We live in times where crime statistics are often used to try to prove some social theory or another. Swedish police have just announced that lots more people were caught buying sex in Sweden this year. Those who dislike Sweden’s law against buying sexual services might be tempted to say that these statistics somehow prove that the law is dysfunctional (which might suggest it should be scrapped, for instance). Alternatively, those who like the Swedish law might say that these statistics prove that the problem of men buying sex is much huger and scarier than anyone knew before (which might lead to the conclusion that the law should be strengthened, for example).

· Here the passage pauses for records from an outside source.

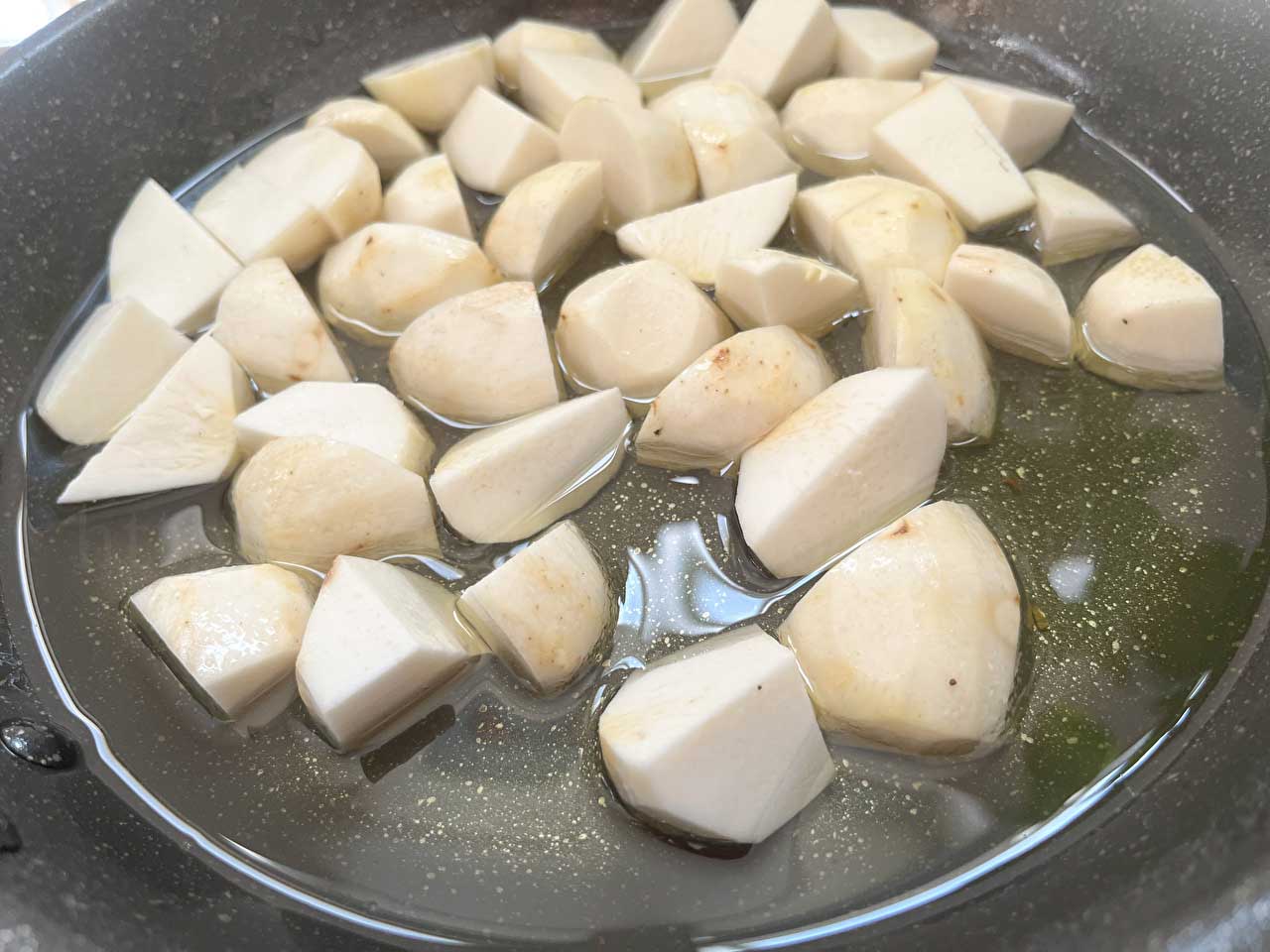 発酵食品腸活レシピ「揚げ里芋の醤油麹白和え」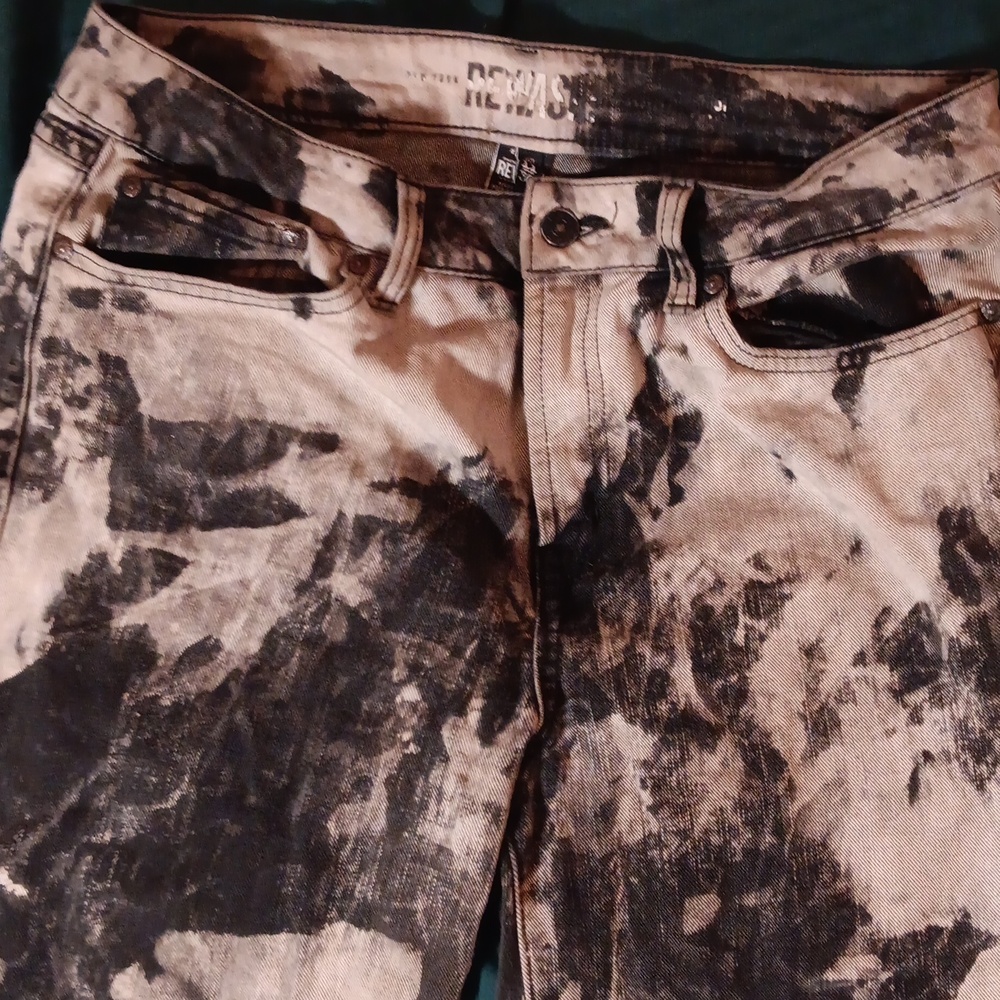 Handcrafted bleach wash "Rewash Jeans"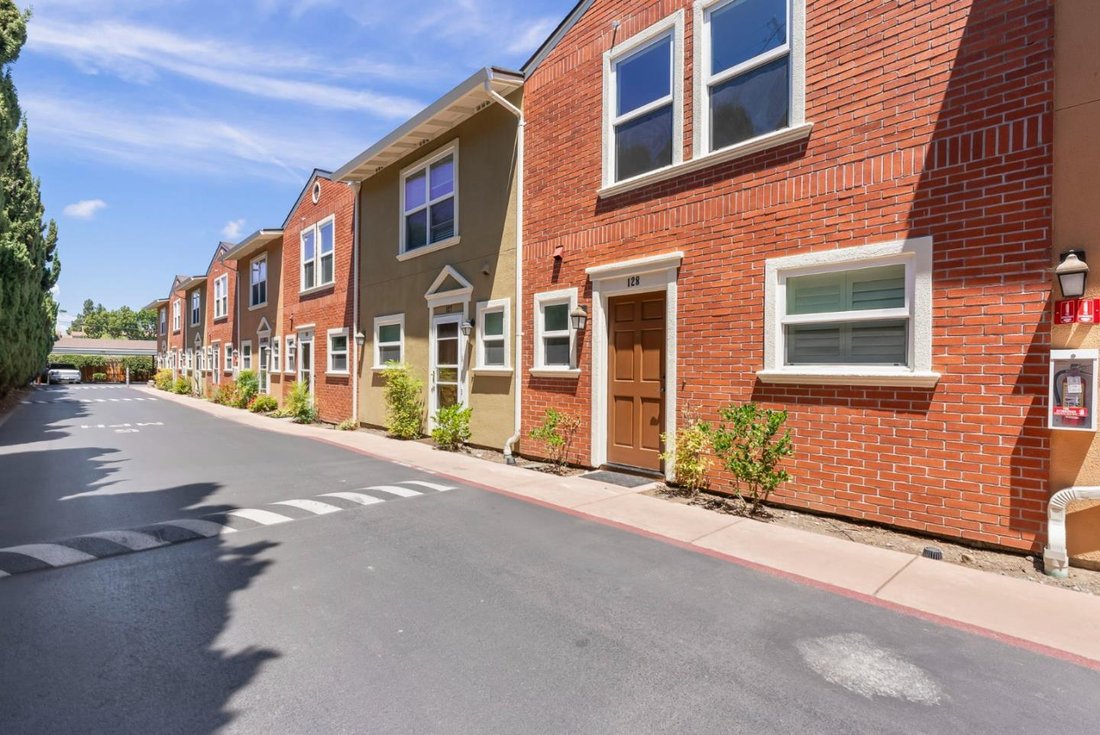 Townhouse in Sunnyvale, California, United States 2 - 18493234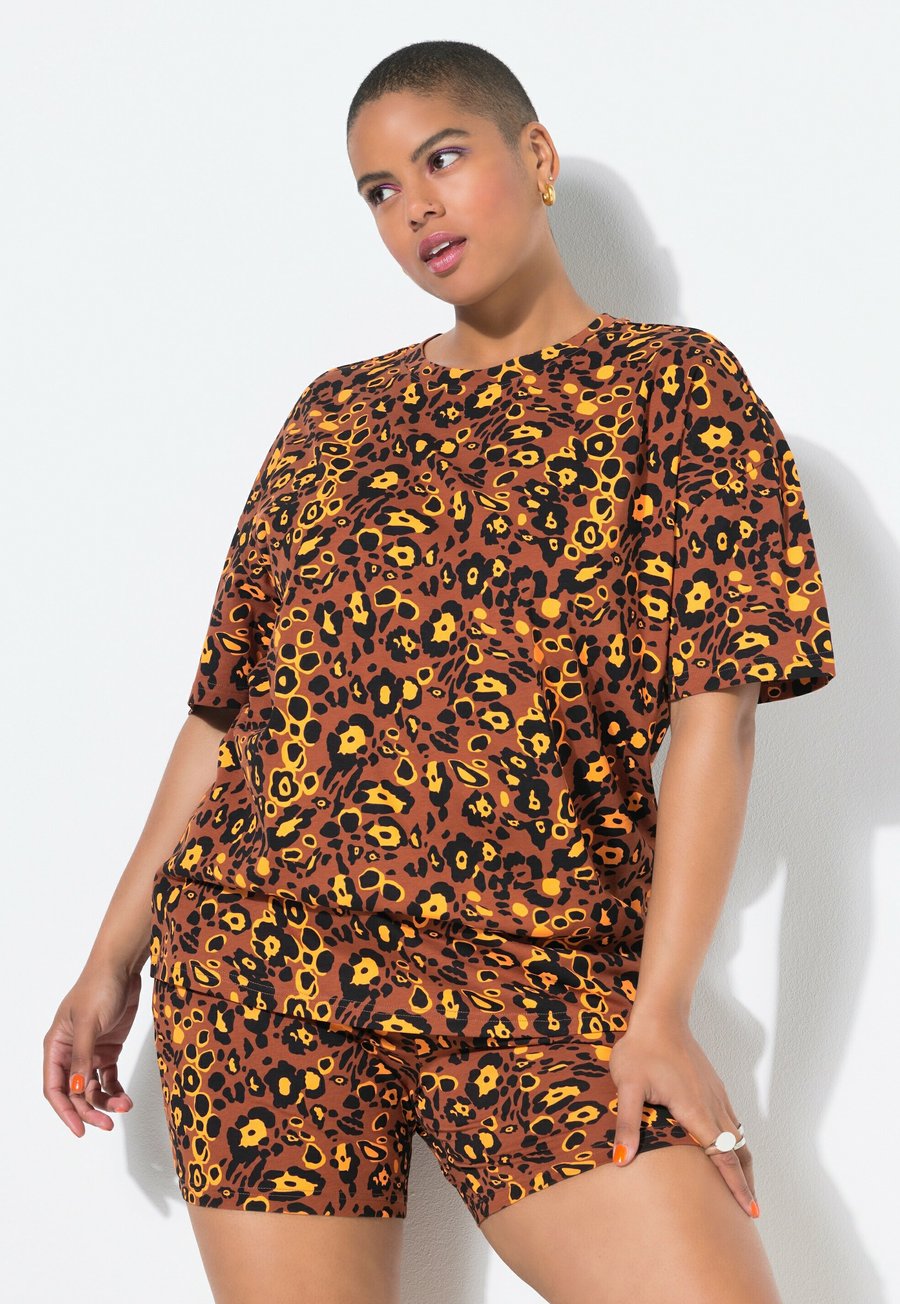 Пижамный комплект Studio Untold KURZER LEO SET, Fawn Brown/Brown
Пижамный комплект Studio Untold KURZER LEO SET, Fawn Brown/Brown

Both guesses would like to correlate two facts but do not prove any cause-effect relationship.
Does the increase mean more people are buying or selling sex? No. It means the government has injected a large amount of money into trying to find customers, pimps, networks, websites and traffickers involved in sex markets. The same happens with any social phenomenon when there’s an influx of money to investigate: investigators find more, which is often interpreted as uncovering a new, more sinister reality.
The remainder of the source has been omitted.